Второй результат такой, что антисказка будет колебаться между питавалем[66] и автопародией. Сказки – это жанр, отлично укрепившийся, отполированный поколениями в пересказах. Плавность повествования, плывущего в просто литургизированных нисходящих интонациях – обращает слезы, кровь, страдание, так же как шепот любовников, в условные фигуры балета, с еле слышной музыкой: фигуры, приводимые в движение не только собственной жизнью, поскольку через нее сквозит множество тематических вариантов. Там все, возникая снова, лишь повторяется. Там никто ничего не может сказать действительно в первый раз, со всей подлинной неловкостью первого раза.

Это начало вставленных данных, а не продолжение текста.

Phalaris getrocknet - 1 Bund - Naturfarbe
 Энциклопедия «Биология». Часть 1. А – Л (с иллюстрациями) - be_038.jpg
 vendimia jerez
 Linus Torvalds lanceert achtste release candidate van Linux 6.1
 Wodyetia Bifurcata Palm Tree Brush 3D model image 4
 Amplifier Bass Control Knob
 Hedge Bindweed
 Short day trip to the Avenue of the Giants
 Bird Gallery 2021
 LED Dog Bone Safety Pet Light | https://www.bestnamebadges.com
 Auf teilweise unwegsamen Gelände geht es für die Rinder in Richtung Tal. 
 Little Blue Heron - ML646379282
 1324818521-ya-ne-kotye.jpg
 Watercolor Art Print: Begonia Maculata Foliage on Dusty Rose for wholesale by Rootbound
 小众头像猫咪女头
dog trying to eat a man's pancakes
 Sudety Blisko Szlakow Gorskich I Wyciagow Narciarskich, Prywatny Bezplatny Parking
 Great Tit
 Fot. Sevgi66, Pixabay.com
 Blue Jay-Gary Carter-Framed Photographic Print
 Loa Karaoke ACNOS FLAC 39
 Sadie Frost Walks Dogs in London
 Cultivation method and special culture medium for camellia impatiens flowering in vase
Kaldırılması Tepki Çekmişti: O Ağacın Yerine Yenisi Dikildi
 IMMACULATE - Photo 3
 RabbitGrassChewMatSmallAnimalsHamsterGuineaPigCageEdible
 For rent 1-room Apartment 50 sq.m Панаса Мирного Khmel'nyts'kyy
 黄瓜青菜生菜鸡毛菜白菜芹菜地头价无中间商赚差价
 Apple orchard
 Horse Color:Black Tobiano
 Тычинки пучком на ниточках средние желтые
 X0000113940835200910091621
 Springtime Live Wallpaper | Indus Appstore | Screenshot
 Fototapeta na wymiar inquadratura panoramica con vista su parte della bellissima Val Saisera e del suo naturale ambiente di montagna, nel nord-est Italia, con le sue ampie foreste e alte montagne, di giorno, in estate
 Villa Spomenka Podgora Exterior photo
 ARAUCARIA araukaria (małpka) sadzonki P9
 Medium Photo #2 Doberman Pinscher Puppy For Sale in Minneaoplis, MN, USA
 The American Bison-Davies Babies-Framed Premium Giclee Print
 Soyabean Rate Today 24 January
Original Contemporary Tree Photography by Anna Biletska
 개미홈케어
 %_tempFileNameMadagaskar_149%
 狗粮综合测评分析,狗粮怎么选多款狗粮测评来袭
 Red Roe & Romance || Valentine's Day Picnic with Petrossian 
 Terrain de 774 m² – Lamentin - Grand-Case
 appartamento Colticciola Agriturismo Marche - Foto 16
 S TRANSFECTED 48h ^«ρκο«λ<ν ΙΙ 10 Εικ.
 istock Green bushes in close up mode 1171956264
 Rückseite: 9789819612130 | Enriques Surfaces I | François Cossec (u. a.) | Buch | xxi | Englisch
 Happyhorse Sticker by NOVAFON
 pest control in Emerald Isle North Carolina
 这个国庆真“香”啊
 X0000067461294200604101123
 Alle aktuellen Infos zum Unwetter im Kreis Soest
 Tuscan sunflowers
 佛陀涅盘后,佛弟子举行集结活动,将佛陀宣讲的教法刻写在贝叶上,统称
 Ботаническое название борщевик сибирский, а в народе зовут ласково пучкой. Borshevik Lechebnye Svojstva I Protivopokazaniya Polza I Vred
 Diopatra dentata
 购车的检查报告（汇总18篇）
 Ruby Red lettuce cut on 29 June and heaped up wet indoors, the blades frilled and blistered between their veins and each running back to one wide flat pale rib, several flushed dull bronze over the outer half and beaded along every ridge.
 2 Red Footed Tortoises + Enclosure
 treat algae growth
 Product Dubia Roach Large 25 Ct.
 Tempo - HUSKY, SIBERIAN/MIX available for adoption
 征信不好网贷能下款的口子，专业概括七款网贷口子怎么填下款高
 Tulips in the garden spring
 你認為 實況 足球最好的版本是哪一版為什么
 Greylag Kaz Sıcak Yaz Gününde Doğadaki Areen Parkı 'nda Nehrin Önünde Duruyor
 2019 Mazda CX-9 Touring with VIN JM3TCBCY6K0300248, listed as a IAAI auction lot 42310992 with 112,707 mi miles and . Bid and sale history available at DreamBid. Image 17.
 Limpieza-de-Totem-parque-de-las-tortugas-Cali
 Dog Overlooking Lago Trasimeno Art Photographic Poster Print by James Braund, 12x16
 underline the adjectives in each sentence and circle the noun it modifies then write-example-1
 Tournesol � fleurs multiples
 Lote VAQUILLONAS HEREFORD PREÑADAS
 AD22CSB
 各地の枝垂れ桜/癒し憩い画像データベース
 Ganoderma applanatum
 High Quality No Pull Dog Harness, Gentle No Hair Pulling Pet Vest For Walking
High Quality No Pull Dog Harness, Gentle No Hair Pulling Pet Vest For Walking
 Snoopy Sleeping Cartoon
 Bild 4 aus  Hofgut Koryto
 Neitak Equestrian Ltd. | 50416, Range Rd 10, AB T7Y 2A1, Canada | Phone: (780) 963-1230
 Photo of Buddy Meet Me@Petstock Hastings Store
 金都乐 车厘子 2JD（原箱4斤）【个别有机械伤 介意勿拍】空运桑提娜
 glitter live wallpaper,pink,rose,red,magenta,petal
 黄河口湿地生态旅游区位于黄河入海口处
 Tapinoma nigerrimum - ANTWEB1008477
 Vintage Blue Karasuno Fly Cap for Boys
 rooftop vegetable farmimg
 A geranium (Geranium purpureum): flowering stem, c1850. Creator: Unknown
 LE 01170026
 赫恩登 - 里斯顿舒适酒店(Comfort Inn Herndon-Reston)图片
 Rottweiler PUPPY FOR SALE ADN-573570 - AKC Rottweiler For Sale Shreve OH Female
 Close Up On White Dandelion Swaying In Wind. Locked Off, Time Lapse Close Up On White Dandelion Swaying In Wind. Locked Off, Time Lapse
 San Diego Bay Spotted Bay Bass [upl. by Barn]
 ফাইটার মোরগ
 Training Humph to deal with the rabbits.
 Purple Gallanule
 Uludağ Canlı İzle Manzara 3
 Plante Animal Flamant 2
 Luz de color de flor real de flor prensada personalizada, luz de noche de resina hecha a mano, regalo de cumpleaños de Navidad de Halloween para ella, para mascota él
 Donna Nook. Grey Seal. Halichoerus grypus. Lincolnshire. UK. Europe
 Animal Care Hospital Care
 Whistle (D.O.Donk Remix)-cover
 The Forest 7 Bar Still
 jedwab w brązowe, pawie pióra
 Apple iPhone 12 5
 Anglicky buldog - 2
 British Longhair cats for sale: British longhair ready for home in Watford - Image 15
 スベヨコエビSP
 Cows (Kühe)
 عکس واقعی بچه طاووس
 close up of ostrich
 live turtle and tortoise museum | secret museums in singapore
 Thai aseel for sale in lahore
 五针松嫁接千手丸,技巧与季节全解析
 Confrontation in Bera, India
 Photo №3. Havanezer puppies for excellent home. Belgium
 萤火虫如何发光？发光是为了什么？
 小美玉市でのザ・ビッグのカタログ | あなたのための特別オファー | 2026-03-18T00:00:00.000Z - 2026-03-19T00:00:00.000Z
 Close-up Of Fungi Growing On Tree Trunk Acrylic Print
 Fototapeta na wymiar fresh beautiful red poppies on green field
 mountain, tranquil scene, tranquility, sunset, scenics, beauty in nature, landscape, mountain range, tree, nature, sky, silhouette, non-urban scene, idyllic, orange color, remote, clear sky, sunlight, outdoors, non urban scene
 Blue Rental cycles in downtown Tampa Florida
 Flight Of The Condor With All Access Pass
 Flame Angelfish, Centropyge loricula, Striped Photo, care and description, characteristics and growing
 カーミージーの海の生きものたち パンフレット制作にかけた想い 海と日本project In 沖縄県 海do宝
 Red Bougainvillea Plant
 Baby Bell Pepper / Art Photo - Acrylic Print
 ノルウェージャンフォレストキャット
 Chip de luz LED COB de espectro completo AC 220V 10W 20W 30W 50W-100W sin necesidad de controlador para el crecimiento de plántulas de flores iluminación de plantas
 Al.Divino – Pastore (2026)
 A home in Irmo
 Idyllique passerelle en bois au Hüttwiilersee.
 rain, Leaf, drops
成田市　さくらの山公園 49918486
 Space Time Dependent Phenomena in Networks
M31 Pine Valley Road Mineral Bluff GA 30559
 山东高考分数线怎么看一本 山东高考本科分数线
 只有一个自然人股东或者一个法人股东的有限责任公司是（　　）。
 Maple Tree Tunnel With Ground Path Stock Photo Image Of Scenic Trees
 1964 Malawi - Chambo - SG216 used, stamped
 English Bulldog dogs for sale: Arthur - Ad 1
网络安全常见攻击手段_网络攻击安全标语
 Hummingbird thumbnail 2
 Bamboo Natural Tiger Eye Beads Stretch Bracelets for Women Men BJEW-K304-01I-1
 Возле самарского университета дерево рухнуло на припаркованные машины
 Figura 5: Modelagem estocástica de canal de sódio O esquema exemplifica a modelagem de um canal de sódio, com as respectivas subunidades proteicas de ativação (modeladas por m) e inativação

Наш новый вид не имеет ни шанса, ни права на подобные оценки. Чтобы заявить о себе, он должен заговорить собственным голосом. Тем самым риск для него огромен. Логика зла может тянуться дальше, чем наслаждение, оным, это следствие потребности утверждения своей истины над чисто индивидуальным испытанием. Поэтому антигерой может наконец попасть в удивительное отклонение в виде аскетизма или самоотречения: чтобы доказать общность с отрицательным абсолютом, может предпочитать выделения лакомствам и заниматься распутством с чудовищем, а не с принцессой. Не будет ли это, однако, отвратительно до непредусмотренного комизма? Будет ли герой понят в намерении дойти до такого отвращения, которое в своей крайности переходит в святость? Чем предотвратить ужасный конфуз: если там, где герой провозгласит свое соединение с надиром развращения, вместо смутного ужаса зрителей его ждет гомерический смех их презрения? Толкования «теории зла» не являются характерным противоядием против насмешки. Нет другого противоядия со смеха, обезвреживающего мир, созданный из зла, ибо проклятия удостоверят значение воплощения. Жанр окрепнет, приняв крещение кровью.